A question was asked about why National Debt greater than annual GDP is significant, and I answered it. It’s OK you don’t like the answer.
Sorry, I don’t agree with either your assertion or your house comparison.
If annual GDP vs. national debt, ignoring all other factors, is a “reliable” indicator of anything, please offer some evidence. I’ll be happy to study it.
House debt vs. house value is a totally different kind of comparison. A similar comparison for a country would be something like national (government) debt vs. total government assets.
Annual GDP vs. national debt would correspond to a house’s annual rental income vs. the house’s debt. If the debt is due in a year (and the only money available to pay it comes from the rent), the comparison is interesting. If the debt is due over a 30 year period, not so interesting.

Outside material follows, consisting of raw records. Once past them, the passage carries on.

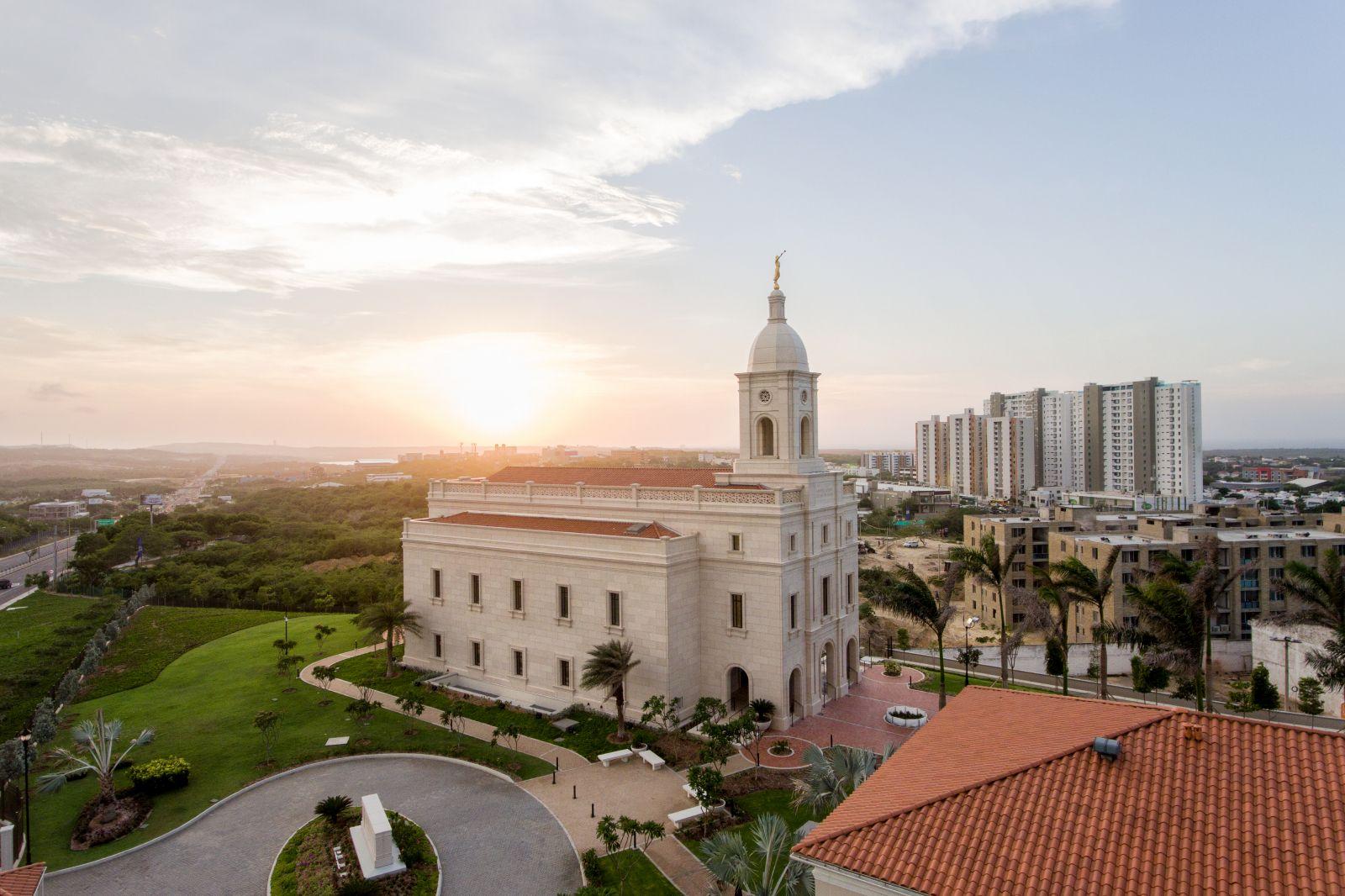 1600x1066 Barranquilla Colombia Temple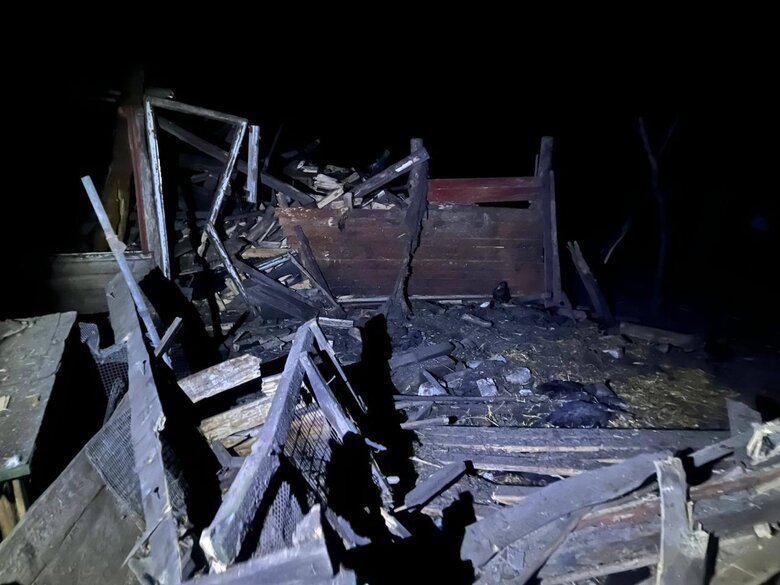 Ночью оккупанты обстреляли село Подсреднее на Харьковщине, два человека получили ранения 04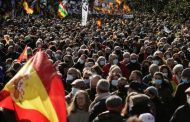 Buntut Skandal Korupsi, Puluhan Ribu Orang Demo Tuntut PM Spanyol Mundur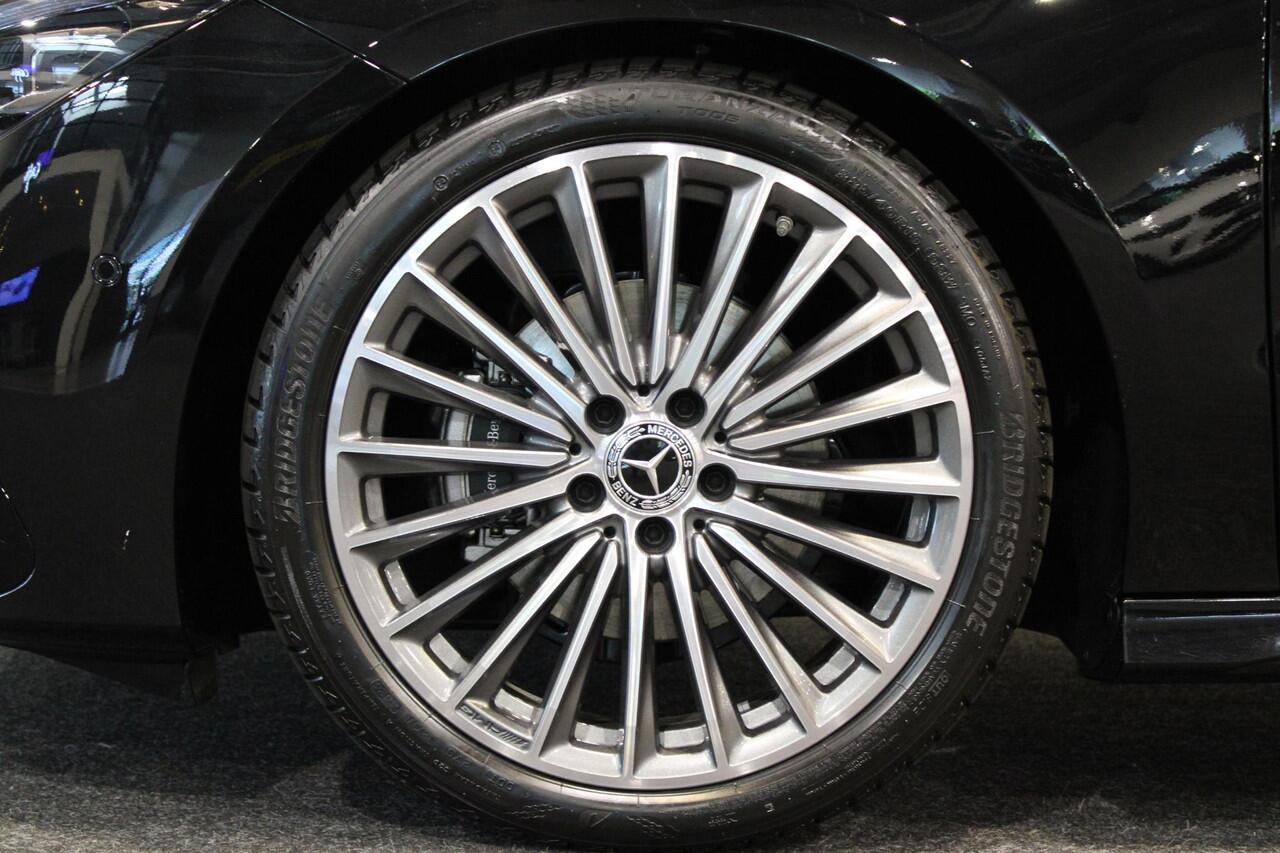 Mercedes-Benz Cla Shooting Brake 180 Star Edition AMG LIMITED Panorama dak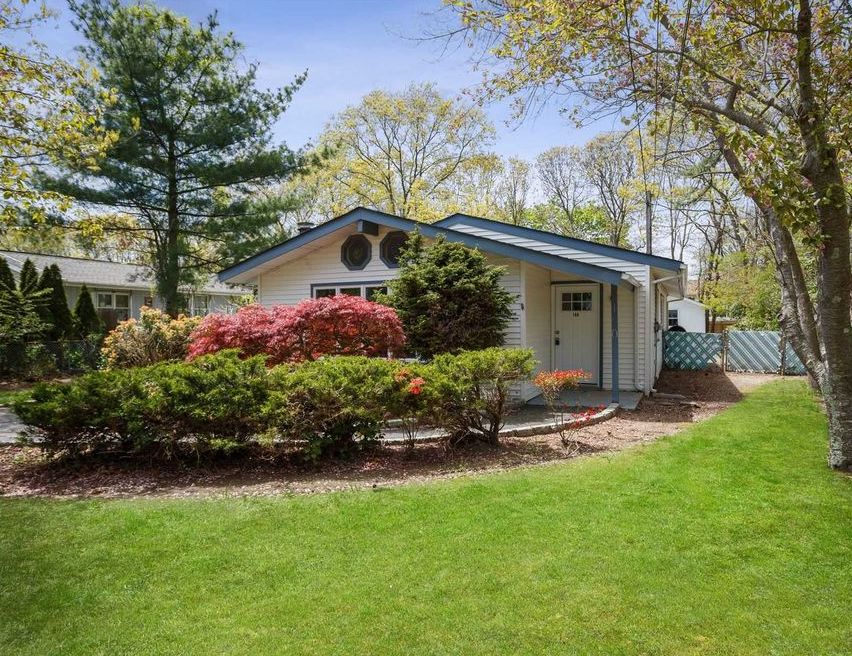 Monroe St, Mastic, NY 11950, Foreclosure 280,000 3BD / 1BH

I’m NOT saying the debt vs. GDP comparison isn’t useful. I’m saying that using ANNUAL GDP - as opposed to some other time period that might be more relevant to the repayment of the debt - is arbitrary. Whether the ANNUAL comparison is a good predictor must depend on other factors which aren’t apparent from this simple ratio.
You’d have a MUCH more relevant comparison if you compared debt to GDP added up over some time period related to repayment schedule of the debt. But that’s much harder to figure out, because it requires analyzing the debt in great detail. The media is too lazy to do that, and when competent economists do it, the media mostly ignores it.
One more example to try to illustrate my point:
Country A’s debt is due in 1 year. Country B’s debt is due in 10 years. Both have exactly the same ratio of total debt to annual GDP. Everything else about them is the same. If the ratio - on it’s own - is a reliable indicator, we should predict that both countries are equally likely to default. But that prediction seems pretty bad to me.